Damian Deslucido and his brother, Rumail, exhibit a Macbeth-Lady Macbeth relationship: Rumail's raw ambition drives his rather hollow brother to excesses of power that he would not have sought on his own, and ultimately destroys both of them.

The story of the Deslucido brothers is told as an old legend in Dorothy J. Heydt's "The Wind Man" in the 1993 Darkover anthology Towers of Darkover, though the surname is not explicitly mentioned.

==Plot summary==
===Book One===
A larenzu, Rumail Deslucido, arrives at Verdanta Castle, to make an alliance between Verdanta and his brother, Damian Deslucido, the ambitious king of Ambervale and Linn. Rumail tests each of the children for laran, then arranges a proxy marriage between the youngest daughter, Kristlin (who dies about a year later). He sends the youngest son, Coryn, to Tramontana Tower.

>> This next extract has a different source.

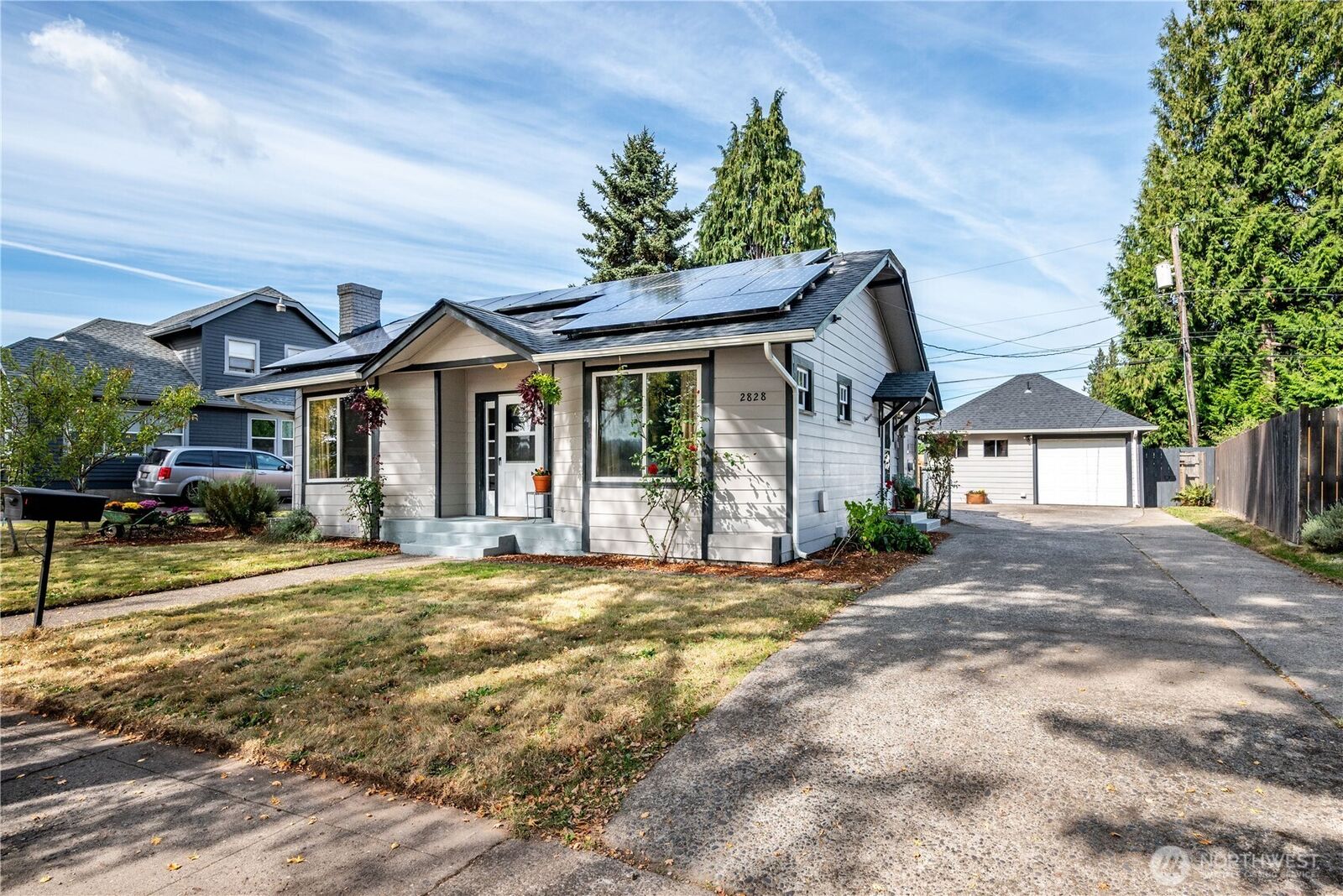 Property Photo: 2828 Washington Way WA 98632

At Tramontana, Coryn learns to control his laran, and to put aside his differences with the rival Storn family. The Tower's keeper, Kieran, believes that the Towers should be neutral in the many petty wars of the Hundred Kingdoms, and should not supply laran weapons to anyone.

Rumail Deslucido and his brother King Damian scheme to control more of the minor kingdoms of the Hellers, hoping eventually to challenge the Hasturs of the lowlands. Rumail reveals his laran ability – lying under truthspell and twisting the minds of others to do the same. Eventually, Rumail is dismissed from Neskaya Tower for immoral or illegal use of laran.

===Book Two===

Cover of the paperback reprint.

Taniquel Hastur-Acosta experiences a premonition of danger moments before Deslucido attacks Acosta Castle. The castle falls, but Taniquel escapes. In the forest, she meets Coryn, who gives her some of his supplies. After several days, they separate – she bound for Thendara and he for Neskaya.

Taniquel reaches Thendara, and describes these events to her uncle, King Rafael Hastur II. A month or so later, minor nobles from the Acosta region arrive to request Hastur protection from Deslucido. Taniquel agrees to ride at the head of the army in the name of her unborn son. She foresees that Deslucido will eventually bring his armies to Hastur's doorstep.

Damian Deslucido requests that the Comyn Council return Taniquel to his control. Under the power of his brother's ability to defeat truthspell, he lies convincingly. Taniquel tells her uncle what she has observed (Deslucido says she was allowed to sit vigil with her late husband, but in reality, she was locked in her room). Ultimately, King Rafael believes her and supports her claim. It is clear that Deslucido will declare war on Hastur.

===Book Three===
Aran, a matrix worker at Tramontana, informs Coryn that war is coming, and that the two towers must cease contact. Coryn urges his Neskaya colleagues to refuse to make laran weapons, such as clingfire.

Belisar Deslucido's forces are defeated in battle by the Hastur forces. Rumail, meanwhile, intends to deploy a laran weapon, but the Hastur laranzu'in explode the device early. Belisar deserts his dying men. Rumail survives, owing to compassionate assistance from the Hastur laranzu'in, and makes his way back to his brother.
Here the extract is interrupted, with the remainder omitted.